After we left the house of Grammy (I love the monikers families coin for their elders), Bo and I went with my cousins on the TITUSVILLE BAR CRAWL. Three hours, two bars, a Corona and a Cape Cod later, I came to the realization that Titusville is a terrible place in which to go bar crawling. Our first stop was a bar whose name I can no longer remember, but the music was a mix of modern and classic rock staples. For example, the Rolling Stones’ hackneyed “Satisfaction” was wedged neatly between “Come Out and Play” by the Offspring and some crap ballad courtesy of Staind. At this nameless bar, the people with whom I was with talked about the various places my cousins’ classmates ended up after high school. Our second and final stop on the TITUSVILLE BAR CRAWL was the Riverdeck Lounge, which adjoins one of the several aged hotels in the city. When we entered the Riverdeck, our caravan literally tripled the patronage of the bar. After standing next to the river for half an hour or so, the TITUSVILLE BAR CRAWL came to a close.

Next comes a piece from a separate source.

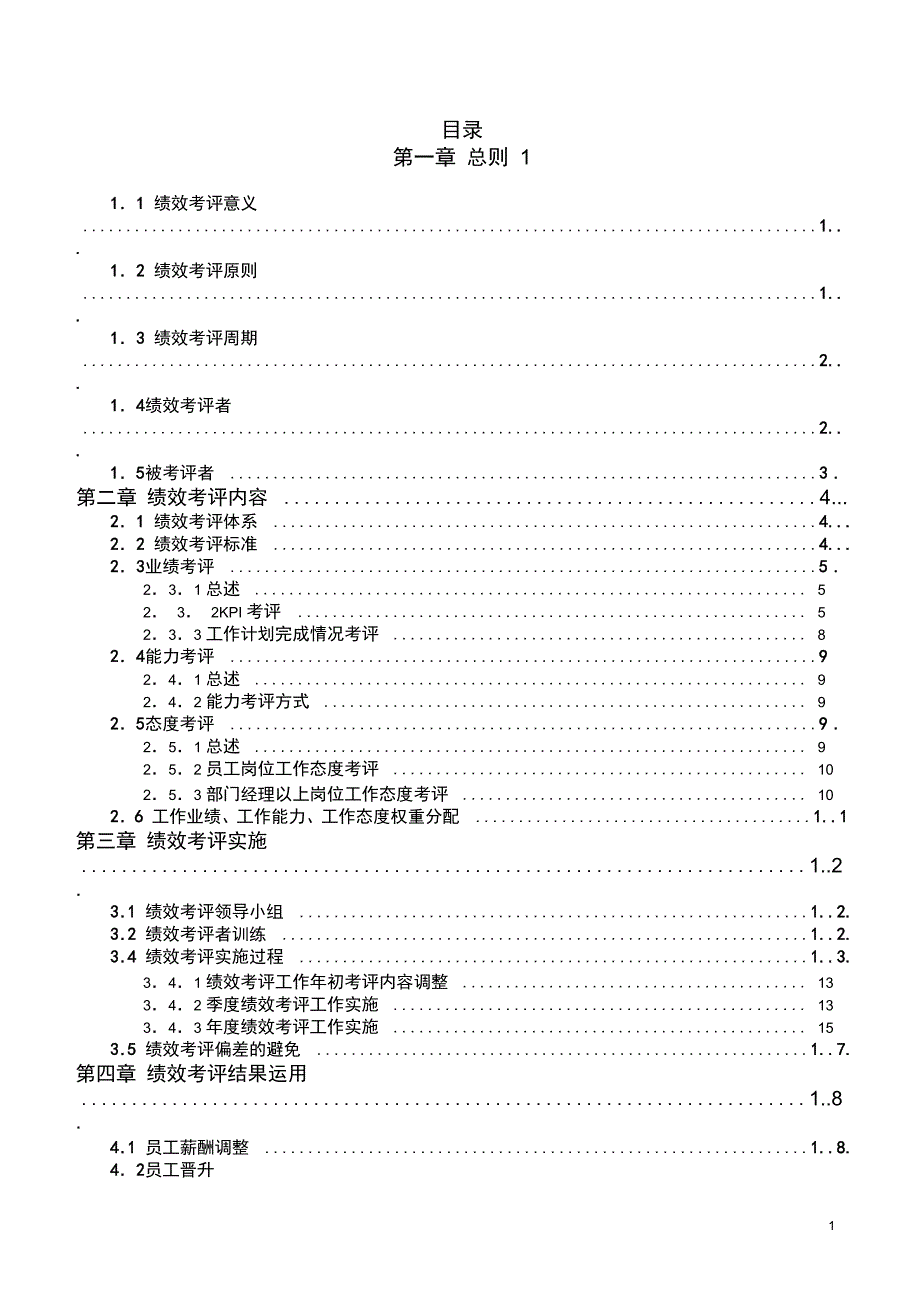 某体育用品公司KPI绩效考评手册_第2页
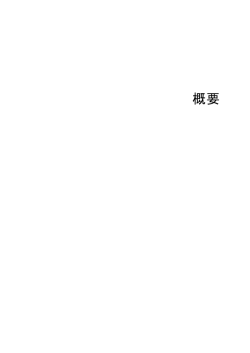 概要 - 科学技術・学術政策研究所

My thoughts about the whole experience? I hate drunk people. I think it’s ironic exactly how mindless the drivel such people spout when they are convinced what they are saying is worthy of being included in the next Bartlett’s compedium. For instance, Alfred (one of my cousin Lara’s friends) offered this pearl of wisdom: “I like my women like fire and ice, not warm water.” If you can unmask the meaning shrouded somewhere in that nebulous statement, please email me. I’ve had many sleepless nights trying to decipher it. Al said this like he thought someone from the newspaper was eavesdropping on his Bud Light-fueled conversation, so I just know there’s something to it.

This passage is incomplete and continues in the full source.